USS Indianapolis
Gene Morgan
I am Eugene Morgan from Seattle, Washington. I was born and raised here. I joined the Navy on December 13, 1941, then went to boot camp in San Diego and was out there a couple of weeks and then went up to Balboa Park (in San Diego), which they had just opened as a training center. And then the next thing I knew I was aboard the ship and I arrived in Pearl Harbor about the middle of January 1942. (Morgan was then assigned to the Indianapolis). And I says, "Oh my God. My brother's on it." He was on it since about 1936; he was a first-class baker. So I came aboard the middle of January, 1942.

My brother was transferred off after the Sullivan brothers, the five Sullivan brothers, were killed down there in the north of Guadalcanal. I earned all those 10 battle stars. I got up as high as a bosun mate second class, finally dropping to the master at arms force.

I was asleep in the port hangar that night the torpedoes struck us. It woke me up -- the shaking of the ship and the loud noise, explosion. And I looked across the quarterdeck and sparks and fire were coming out in the forward part of the ship. I folded up my cot. All I had was my shoes and skivvy shorts. I folded up my cot, went aft, crossed over to the starboard side, started to go forward to the master-at-arms' shack (to get his clothes) and somebody says, "You can't get forward."

About that time the ship started to list to the starboard side. I went up topside and decided to get a life jacket, then went over to the port side because they always said to go to the high side where the motor whaleboat was. The ship was listing more and more to the starboard, so I walked over to the starboard side and jumped in the water. And the next thing I knew when I started to swim -- they always said to get away from the ship so you wouldn't be sucked down when the ship went down -- next thing I knew somebody said, "Over here."

It was black. Well here was a raft and I hung on to the side until about the third day, when it thinned out. I was hanging on the side the first morning. Somebody yelled, "Sharks." And I know how scared I was. I was trying to get my seat and my body up out of the (water) near the raft and couldn't make it. You know I was scared about the sharks. But I was OK then. And no sharks bothered me then. And I noticed that, that night in the water I got real sick, threw up from the saltwater and by drinking the oil.

In the meantime I guess I had rubbed my eyes and I was half-blind for about three or four days, couldn't hardly see anything, just a blur.

Hallucinations
Then I'd finally gotten in the raft. And I remember some things like ... dreaming, I guess. Muddled. It's just blank. [After the rescue] I laid in bed lot of times at night trying to figure out what happened. Why this day? What happened? What? And it's just blank, a lot of it's blank.

I can remember dreaming that we were in the desert in Egypt and crawled up in this big sandbar and there was a big pool of wine. And I don't know if I was drinking saltwater then or not. And I know that the guys later on would swim up and say ... "Oh, the ship's just below our feet, we can see it, we're gonna dive down and get a drink of water." They'd dive down and come up and say, "Oh, that water was good." You know what they did? They would drink the saltwater. We tried to stop them, but lot of the guys you just couldn't talk to them. They were going out of their heads, I guess.

And later on, well, their throats would get swollen up and they'd have a miserable death.
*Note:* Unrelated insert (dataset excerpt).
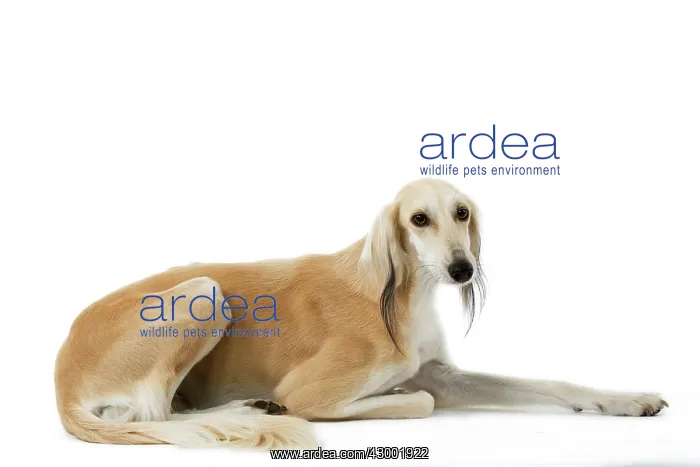 : Dog - Saluki Greyhound : Dog - Saluki Greyhound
And the guys later on fought one another; thinking there was Japs in our group they'd start fighting. That went on. Guys got so crazy after the sun beating down on them. I remember I wish I would have had a straight jacket put over my head. During the morning before the sun came up, I'd be shaking at the cold and wish the sun would come up. But then when the sun came up, after a while the oil all over me -- that thick oil stuck to me, that bunker fuel -- would heat up and start burning, and then I'd have to duck to try and cool off in water.

I think about the fourth day, my eyes cleared up where I could make things out, and I can remember this one big plane came and it seemed like everything was coming out of the sky. I remember this big lifeboat come floating down, three big parachutes, it landed not too far away from the group I was in, and some guy swam to it.

And that night we could see the light of that ship, that destroyer that turned the spotlight up in the clouds. Then later, I don't know, it was in the morning I guess, and some guys came over in one of these rubber life rafts that they had dropped and they gave us, you know, a little water. I can remember guys yelling, "Sharks," and I couldn't see 'em there for awhile on account of my eyes.

[The men] could see and hear their shipmates being eaten by sharks, screaming. You know, they were pulled under, but I was lucky 'cause I was in the group that had rafts and we was finally, all of us, out of the water. At first when the rafts were too crowded and we had to hang on to the side until it thinned out, guys gave up, just gave up. Guys swam away or were injured. Most of the guys that were injured didn't last too long anyway, with the beating they took. In the rafts you're in the water anyway, because you're just barely floating and the center of them is just open to the water, so you was just in the water all the time.

As far as our captain. Let the people know that he was innocent and that the Navy goofed up. [They should] stand up and be men and clear the captain and help us survivors. There's only a few of us left. Do it before there's none of us left.